A Sequential Convex Programming Approach to Free-trajectory Minimum-lap-time Optimization of Racing Cars

TL;DR

This paper introduces a sequential convex programming framework for efficiently computing minimum-lap-time trajectories and powertrain strategies for racing cars, enabling near real-time optimization with improved lap times.

Contribution

It develops a convex optimization-based method for joint trajectory and powertrain optimization, significantly reducing computation time and improving lap-time performance.

Findings

Computation time reduced from minutes to seconds.

Minimum-time racing line yields 4% faster lap-times.

Energy constraints have negligible impact on optimal racing line.

Abstract

This paper presents a modeling and optimization framework to compute the minimum-lap-time spatial trajectory and powertrain operation of racing cars in a computationally efficient fashion. Specifically, we first derive a quasi-steady-state model of a racing car, whereby the racing line trajectory is jointly optimized. Next, we frame the minimum-lap-time problem and leverage its mostly convex structure by devising a sequential convex programming solution algorithm.

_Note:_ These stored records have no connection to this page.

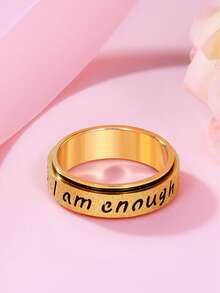 Anillo giratorio inspirador de acero inoxidable "Soy suficiente" - Joyería de uso diario elegante para todas las estaciones - Anillos personalizados para mujer - Ver 5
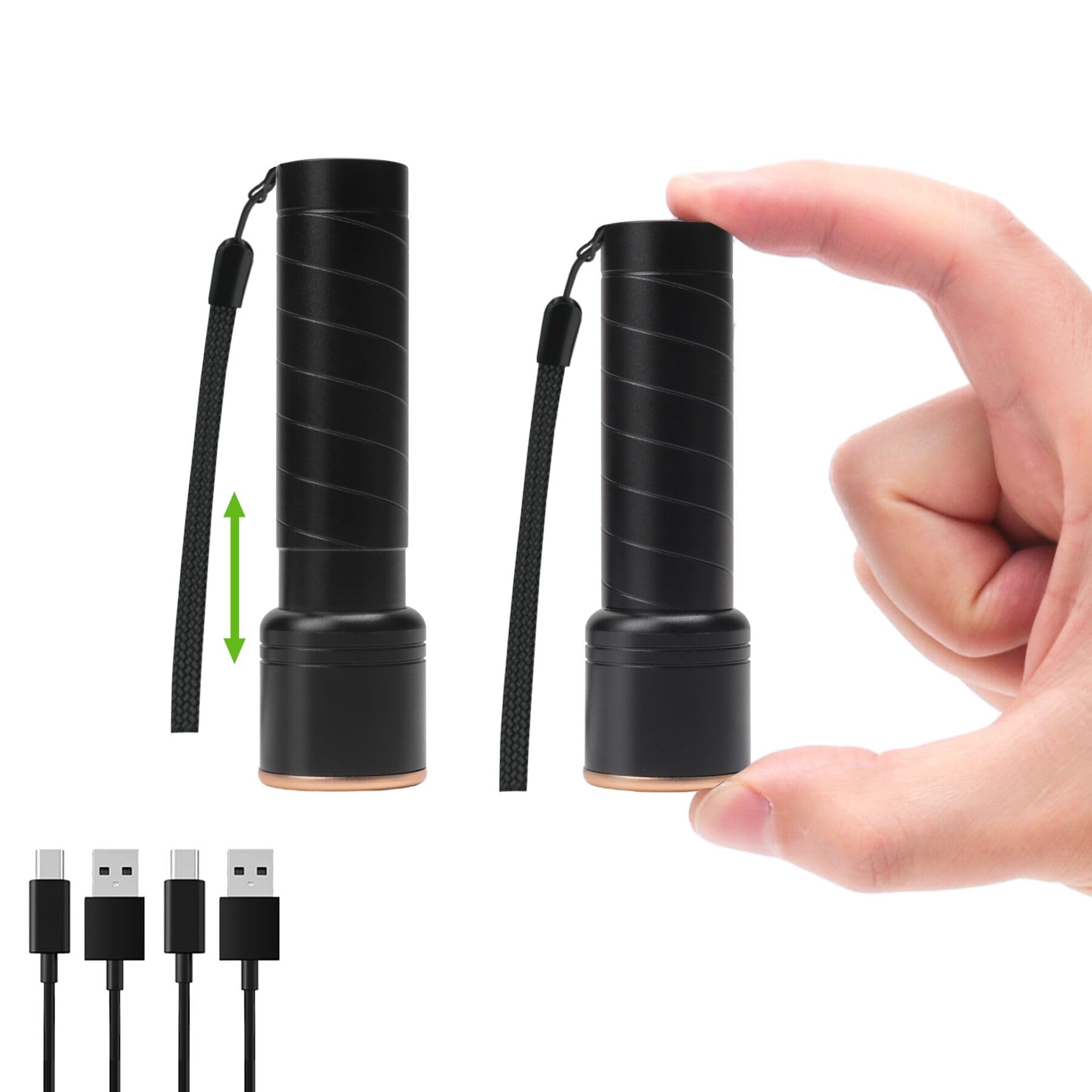 Sevenka 2 Small Rechargeable Flashlights Usb-C, 4.1In Zoomable Led Flashlight High Lumen, Compact, Powerful, Portable Led Torch, Pocket-Size Bright Utility Flashlight For Emergency, Camping, Hiking
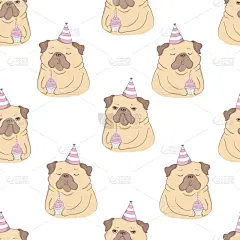 巴哥犬,四方连续纹样,分离着色,可爱的,宠物,纯种犬,图像,壁纸,收集,设计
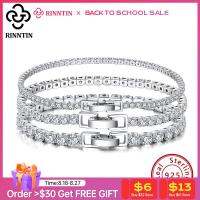 Rinntin 925 Sterling Silver Tennis Bracelets For Women Luxury 2mm 3mm 4mm Cubic Zirconia Shiny Tennis Bracelets Jewelry SB91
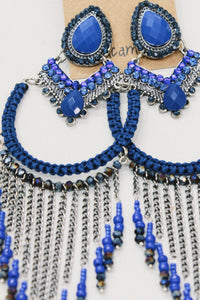 Brinco De Miçangas E Macramê Ultravioleta Yacamim #616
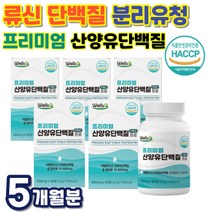 프리미엄 산양유단백질 류신 단백질 타블렛 정제 아미노산 BCAA 분리유청단백 먹기간편한 정타입 WPI 밀크칼슘 농축 분말 L-로이신 뮤신 루신 유신 근육 단백질, 60정 x 5개 (5개월)
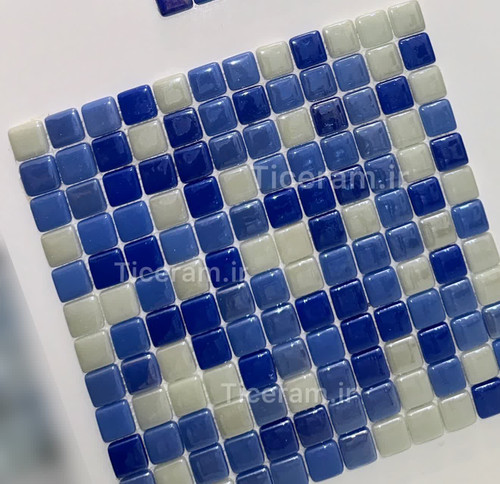 سرامیک شیشه ای لوس استخری میکس سفید آبی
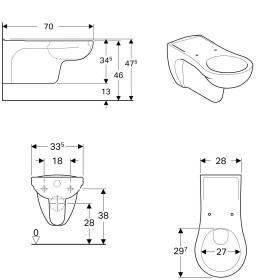 Geberit Vitalis Tiefspüler, verlängerte Ausladung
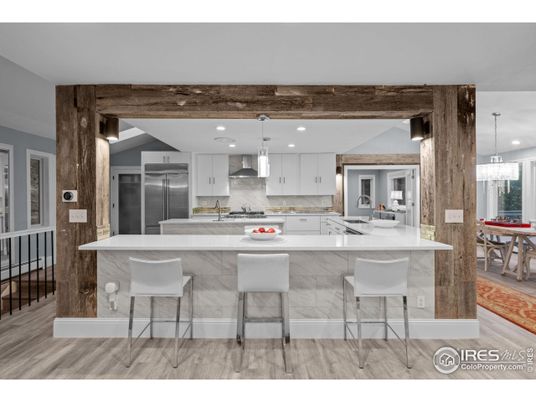 Chandelier, Interior, Kitchen, Pendant Lights, Recessed Lighting, Stainless Steel Appliances, Wood Texture Flooring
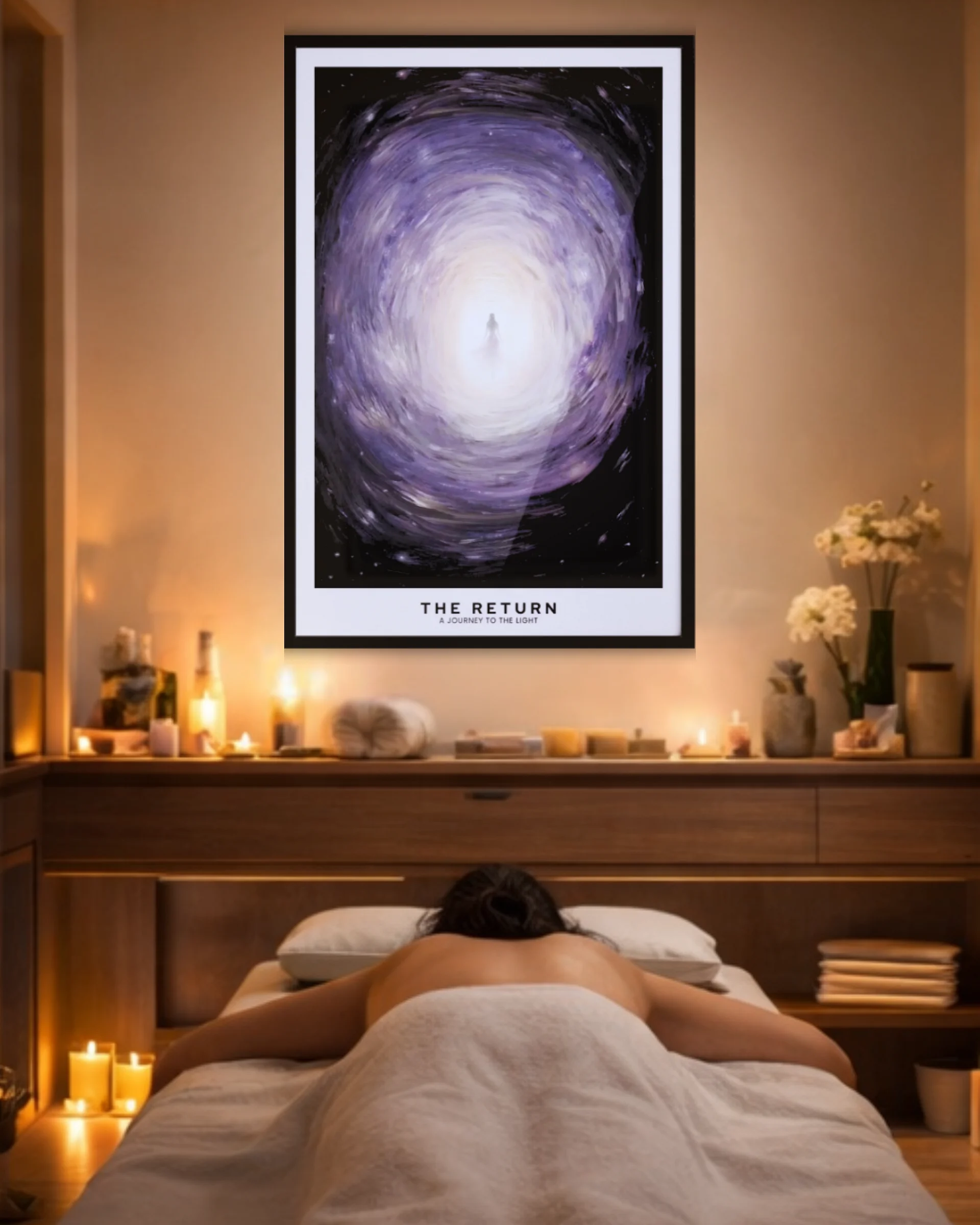 The Return – Spiritual Wall Art Print | Near Death Experience Art | Afterlife Light Tunnel Poster | Meditation & Healing Room Decor product image (5)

We benchmark our method against off-the-shelf nonlinear programming solvers, showing how it can bring computation time down from a few minutes to a few seconds, paving the way for real-time implementations. Moreover, we compare our results to similarly efficient minimum-curvature racing line optimization methods, showing how a minimum-time-based racing line might lead to 4% faster lap-times. Finally, we showcase our framework for optimal powertrain energy management and we validate the common modeling assumption that the racing line is unaffected by energy limitations, showing that this assumption results in marginal lap-time losses of under 0.1%.